CPGE : casser le mur de béton

Je veux faire tomber les murs de béton qui séparent la logique universitaire de la logique des classes préparatoires” : Valérie Pécresse, en visite au lycée Gustave Monod d’Enghien-les-Bains, 3 septembre 2010. La ministre de l’enseignement supérieur et de la recherche s’est déplacée en banlieue pour inaugurer une classe préparatoire littéraire, partenariale entre le lycée et l’université de Paris 13 Villetaneuse.

Une CPGE partenariale ? Site du MESR : “Les élèves, inscrits dans les deux établissements, ont accès aux équipements et aux services de l’université et bénéficient des aspects positifs des deux systèmes de formation grâce à une équipe pédagogique mixte composée d’enseignants du lycée et de l’université”. Valérie Pécresse souligne “l’importance de rapprocher les universités des grandes écoles par des projets communs de ce type afin d’élargir les possibilités d’orientation des étudiants”.

Regardons ce projet de près et démontrons que la ministre ne réussit même pas à enlever un seul morceau du dit “mur de béton”, que cette initiative, au contraire, renforce la forteresse des CPGE et mobilise à leur profit les faibles moyens de l’université. Lisons attentivement le texte en ligne sur le site du MESR (ici) et également en ligne sur le site du lycée (ici). Analysons le pdfPartenariat, débouchés, emploi du temps“. 

Ce dispositif pionnier… combinera le meilleur des deux systèmes de l’enseignement supérieur : 1. L’encadrement, l’accompagnement individualisé, la poursuite des études dans plusieurs disciplines, l’apprentissage de la rigueur, ainsi que les petits effectifs qui caractérisent les classes préparatoires aux grandes écoles. 2. Une partie des cours dispensés par des enseignants-chercheurs de l’université au plus près des avancées actuelles de la recherche”.

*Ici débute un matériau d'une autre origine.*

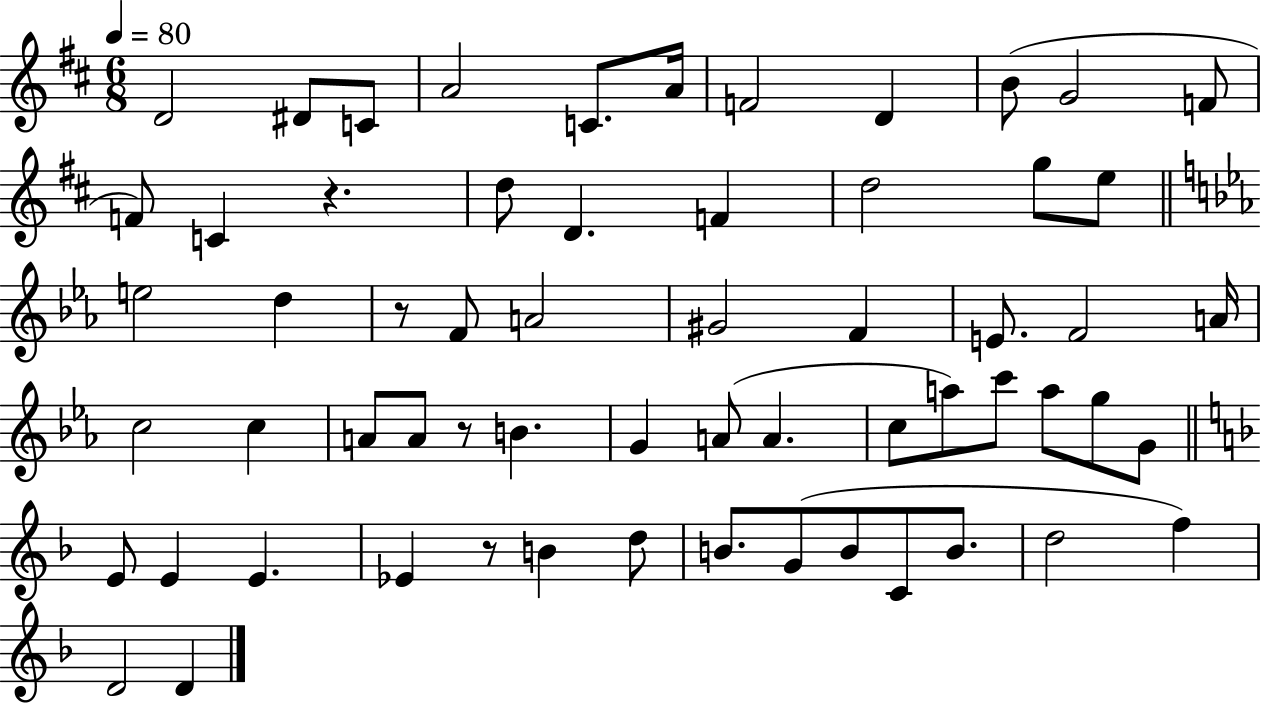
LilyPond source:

{
  \clef treble
  \numericTimeSignature
  \time 6/8
  \key d \major
  \tempo 4 = 80
  \repeat volta 2 { d'2 dis'8 c'8 | a'2 c'8. a'16 | f'2 d'4 | b'8( g'2 f'8 | \break f'8) c'4 r4. | d''8 d'4. f'4 | d''2 g''8 e''8 | \bar "||" \break \key c \minor e''2 d''4 | r8 f'8 a'2 | gis'2 f'4 | e'8. f'2 a'16 | \break c''2 c''4 | a'8 a'8 r8 b'4. | g'4 a'8( a'4. | c''8 a''8) c'''8 a''8 g''8 g'8 | \break \bar "||" \break \key f \major e'8 e'4 e'4. | ees'4 r8 b'4 d''8 | b'8. g'8( b'8 c'8 b'8. | d''2 f''4) | \break d'2 d'4 | } \bar "|."
}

Qui sont ces enseignants-chercheurs ? Je prends le pari que ce sont des PRAG en fonction à Paris 13. Ils seront heureux d’intégrer ces heures d’Hypokhâgne dans leur service (il est moindre par rapport celui des PRAG en classes supérieures) ; ils goûteront de se faire payer leur participation à la “commission de choix des futurs étudiants” et les heures de colles et de devoirs surveillés. Ces PRAG ne font pas de recherche ; les PRAG à même de faire profiter les étudiants des avancées de la recherche préparent ou ont soutenu un doctorat et visent à passer maîtres de conférences.

Valérie Pécresse vante la fluidité des parcours permise par ces classes partenariales. Ce n’est pas innovant : il y a toujours eu des accords permettant aux élèves des prépas littéraires de rejoindre l’université après une première ou une deuxième année, par le moyen de la validation d’études. Sur ce point, rien ne change : tous les élèves sont d’abord inscrits dans une filière sélective (la CPGE) et n’y paient pas de droits d’inscription ; ils prennent à titre secondaire une inscription dans l’UFR de lettres de l’université, inscription pour laquelle ils acquittent un droit de 50 euros seulement. L’université perd ainsi des droits d’inscription.

L’emploi du temps révèle que les enseignements ont lieu majoritairement dans le lycée (4 jours) et minoritairement dans l’université (1 jour : 1 heure optionnelle d’initiation à la paléographie, 1 heure de français, 2 heures de langue vivante, 2 heures d’EPS). L’université met à disposition ses installations sportives et ses bibliothèques spéacialisées. Qu’y gagne-t-elle ? Rien. Elle perd même une partie de son potentiel d’heures d’enseignement. Que gagne le lycée ? Tout. Au nom de la mutualisation, il capte, au profit des élèves d’hypokhâgne et khâgne, une partie des ressources de l’université ? Que gagnent les étudiants ? Des déplacements largement improductifs d’un établissement à l’autre ; pas davantage et pas moins de garanties d’accéder à une licence (les élèves des prépas littéraires sont les moins nombreux à intégrer une grande école).

Valérie Pécresse veut nous faire croire que ce “dispositif innovant” a pour “objectif de décloisonner les formations de niveau Licence afin de permettre une plus grande fluidité des parcours”. J’espère qu’elle ne croit pas à ce qu’elle dit. Il y aurait eu décloisonnement si des élèves inscrits en L1 universitaire sans sélection à l’entrée avaient été autorisés à suivre des cours supplémentaires en hypokhâgne !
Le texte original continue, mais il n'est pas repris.